Gericht: Oberlandesgericht Karlsruhe
Beschluss verkündet am 14.12.2001
Aktenzeichen: 5 WF 190/01
Rechtsgebiete: GKG, BRAGO


Vorschriften:

GKG § 12 Abs. 2
GKG § 25 Abs. 3
BRAGO § 9 Abs. 2
Zu den Aktiv- und Passivpositionen bei der Bestimmung des Streitwertes in Ehesachen (Scheidungsverfahren).
Oberlandesgericht Karlsruhe - Zivilsenate in Freiburg -

Geschäftsnummer: 5 WF 190/01

Beschluss vom 14. Dezember 2001

In der Familiensache

wegen Ehescheidung hier: Streitwertbeschwerde

hat der 5. Zivilsenat - Senat für Familiensachen - des Oberlandesgerichts Karlsruhe beschlossen:

Tenor:

1. Auf die Beschwerde des Antragsgegnervertreters (Rechtsanwalt Dr. ..., ... B.) wird der Beschluss des Amtsgerichts - Familiengericht - Kehl vom 19.10.2001 (1 F 16/01) unter Aufrechterhaltung im übrigen wie folgt geändert:

Der Streitwert für die Ehescheidung wird auf 4.272,00 DM festgesetzt.

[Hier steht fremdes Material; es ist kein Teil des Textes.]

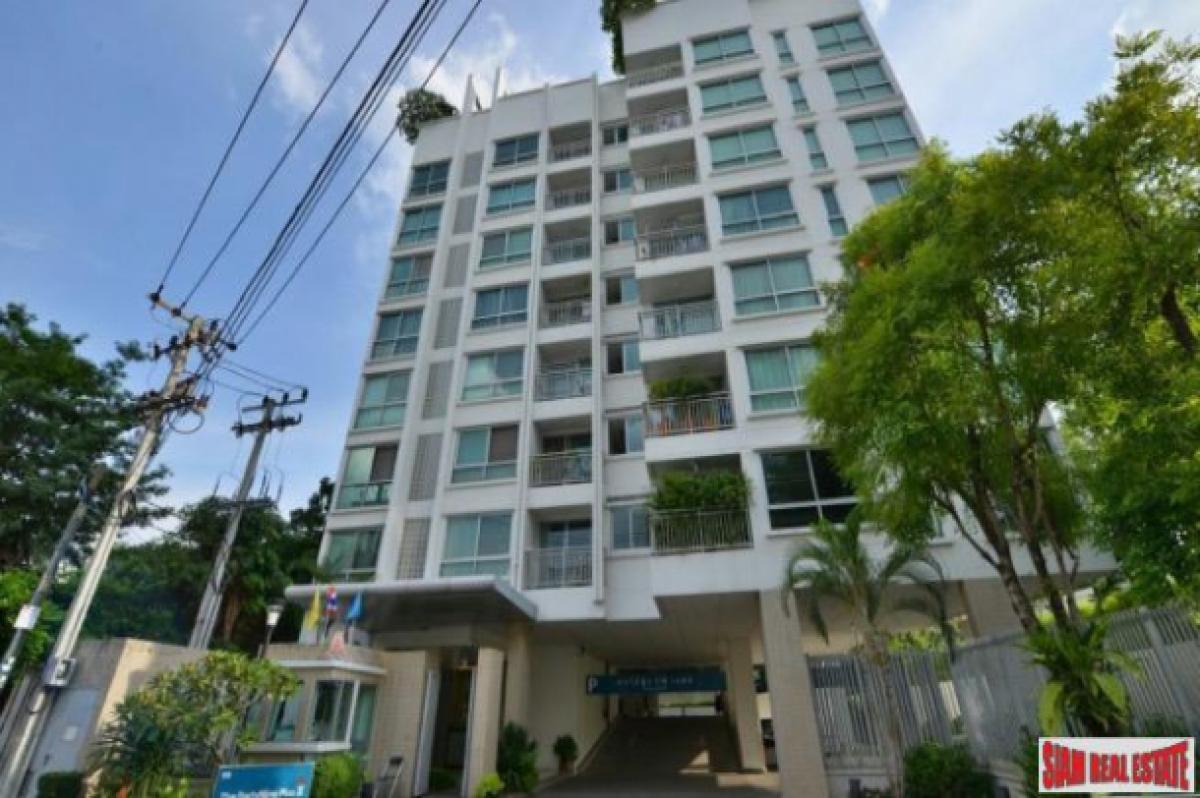 Picture of Apartment For Sale in Bangkok, Bangkok, Thailand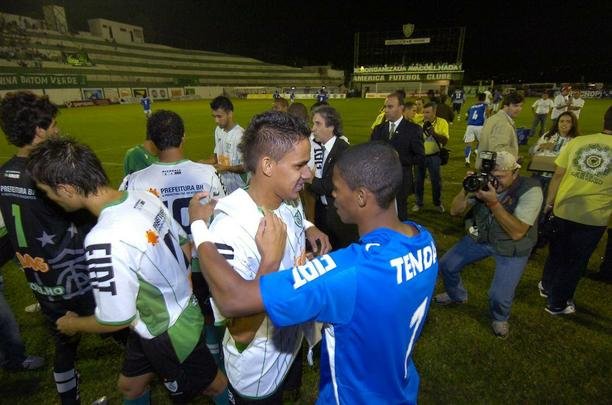 Campes dos Mdulos I e II do Campeonato Mineiro daquele ano, equipes fizeram jogo de entrega de faixas. Raposa venceu o clssico por 2 a 1, com gols de Reinaldo e Jonathas. Luciano descontou para o Coelho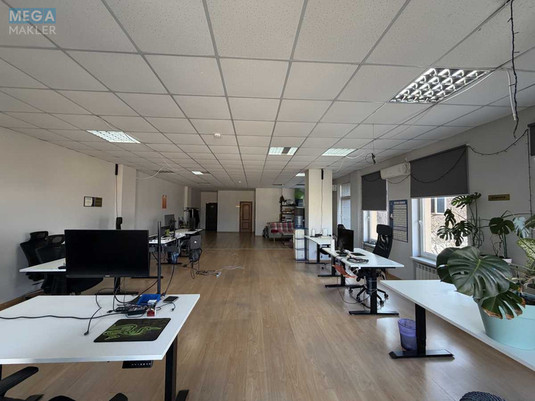 Оренда комерційної нерухомості, 117,60&nbsp;кв.м, под офис, <a class="location-link" href="/kiev/" title="Недвижимость Київ">Київ</a>, <a class="location-link" href="/kiev/podolskij/" title="Недвижимость Подільський район">Подільський р-н</a>, Нижний Вал ул., 15 (изображение 3)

2. Die weitergehende Beschwerde wird zurückgewiesen.

Gründe:

I.

Beiden Parteien war in ihrem Scheidungsverfahren ratenfreie Prozesskostenhilfe bewilligt und durch Beschluss vom 19.10.2001 der Streitwert wie folgt festgesetzt worden:

Ehescheidung 4.000,00 DM

Versorgungsausgleich 3.302,00 DM.

Der Antragsgegner hat in der mündlichen Verhandlung seine durchschnittlichen monatlichen Einkünfte mit 3.200,00 DM netto angegeben. Er hat Kreditverbindlichkeiten mit monatlichen Raten in Höhe von insgesamt 838,00 DM zu bedienen. Für Fahrtkosten zu seiner Arbeitsstelle entstehen monatliche Unkosten in Höhe von rund 478,00 DM. Die Antragstellerin bezieht Hilfe zum Lebensunterhalt. Aus der Ehe der Parteien sind zwei minderjährige Kinder hervorgegangen. Ein Kind lebt bei der Antragstellerin, das andere beim Antragsgegner.

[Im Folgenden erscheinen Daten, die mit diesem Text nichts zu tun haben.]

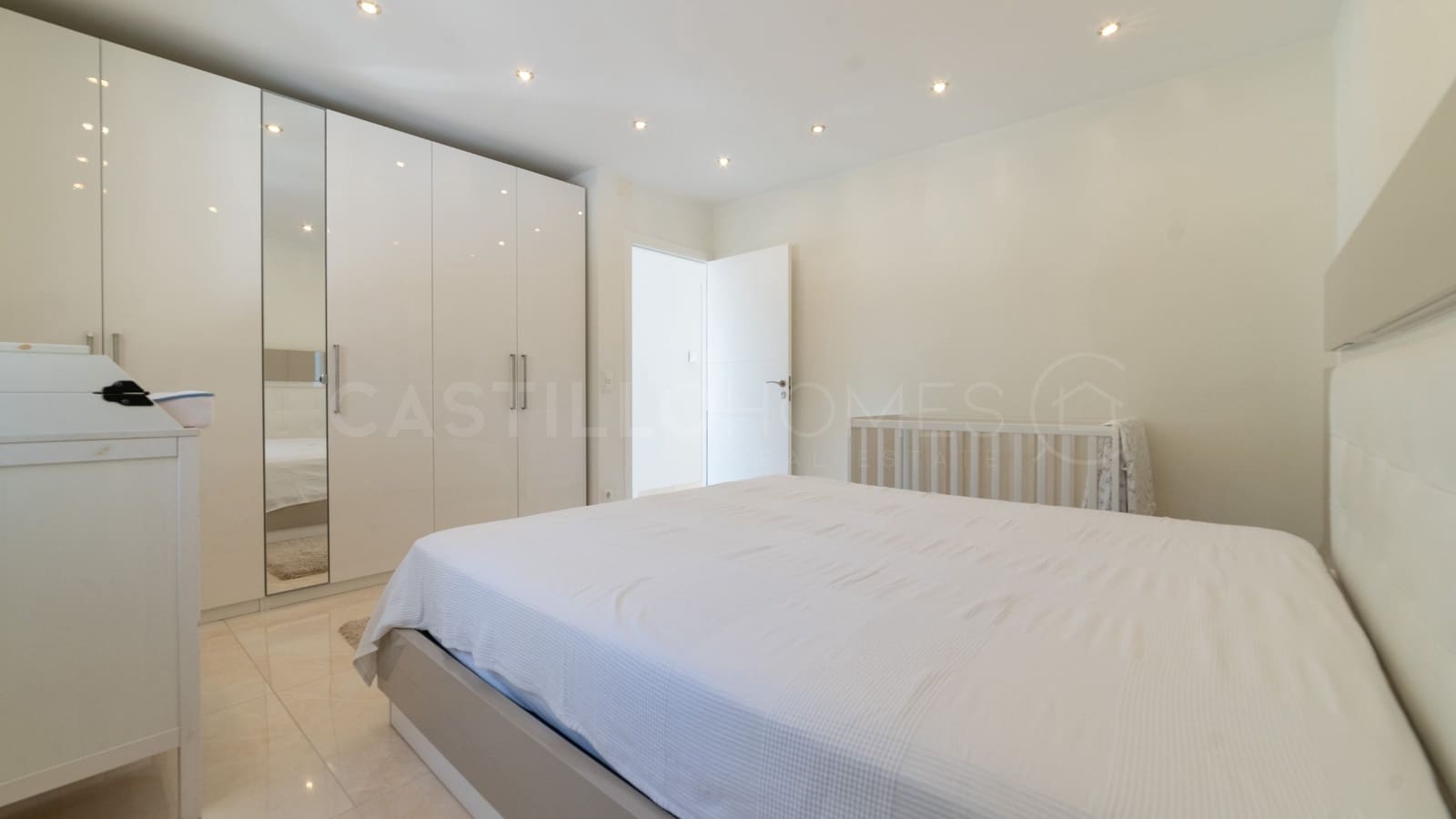 3 chambre Villa/Maison à vendre à La Zenia avec piscine - 1 300 000 € (Ref: 8970767)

Gegen die Wertfestsetzung für die Ehescheidung auf 4.000,00 DM wendet sich der Antragsgegnervertreter mit seiner Beschwerde. Er ist der Ansicht, der Streitwert für das Ehescheidungsverfahren habe dem dreifachen monatlichen Nettoeinkommen der Parteien zu entsprechen. Für unterhaltsberechtigte Kinder sei kein Abzug vorzunehmen, da Kindesunterhalt jeweils nicht gezahlt werde.

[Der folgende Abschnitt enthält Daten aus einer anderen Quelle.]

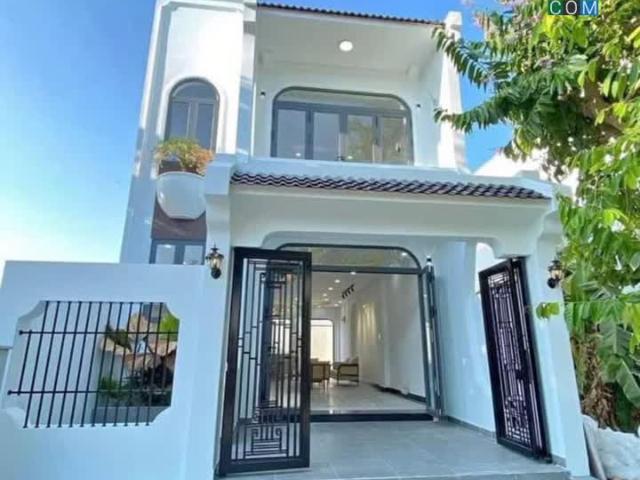 Nhà gác lửng giá rẻ full thổ cư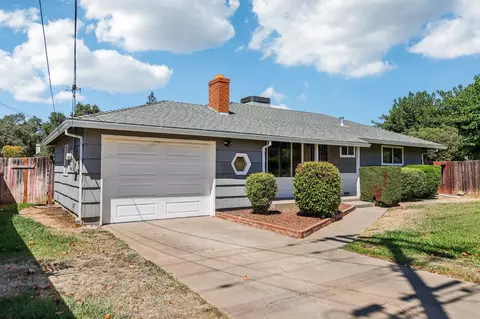 Exterior - 5437 Robertson Ave, Carmichael, CA 95608 photo 3 of 9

Das Familiengericht hat der Beschwerde nicht abgeholfen. Es hat zur Begründung seiner Nichtabhilfeentscheidung ausgeführt, die Festsetzung des Mindeststreitwertes sei hier indiziert, da beiden Parteien Prozesskostenhilfe ohne Ratenzahlungsverpflichtung gewährt worden sei. Zu berücksichtigen sei, dass die Antragstellerin Sozialhilfe beziehe, der Antragsgegner Kreditraten zu tilgen habe, bei ihm Fahrtkosten zu seiner Arbeitsstelle anfielen und der Antragsgegner den Unterhalt für die bei ihm lebende Tochter finanzieren müsse. Beachtet werden müsse auch, dass der Aufwand in diesem Verfahren durchschnittlich gewesen sei, da lediglich der Versorgungsausgleich als Folgesache zu regeln gewesen wäre.

II.

Die nach §§ 9 Abs. 2 BRAGO, 25 Abs. 3 GKG zulässige Beschwerde des Antragsgegnervertreters hat in der Sache zum Teil Erfolg. Sie führt zu einer Erhöhung des Streitwertes für das Ehescheidungsverfahren von 4.000,00 DM auf 4.272,00 DM.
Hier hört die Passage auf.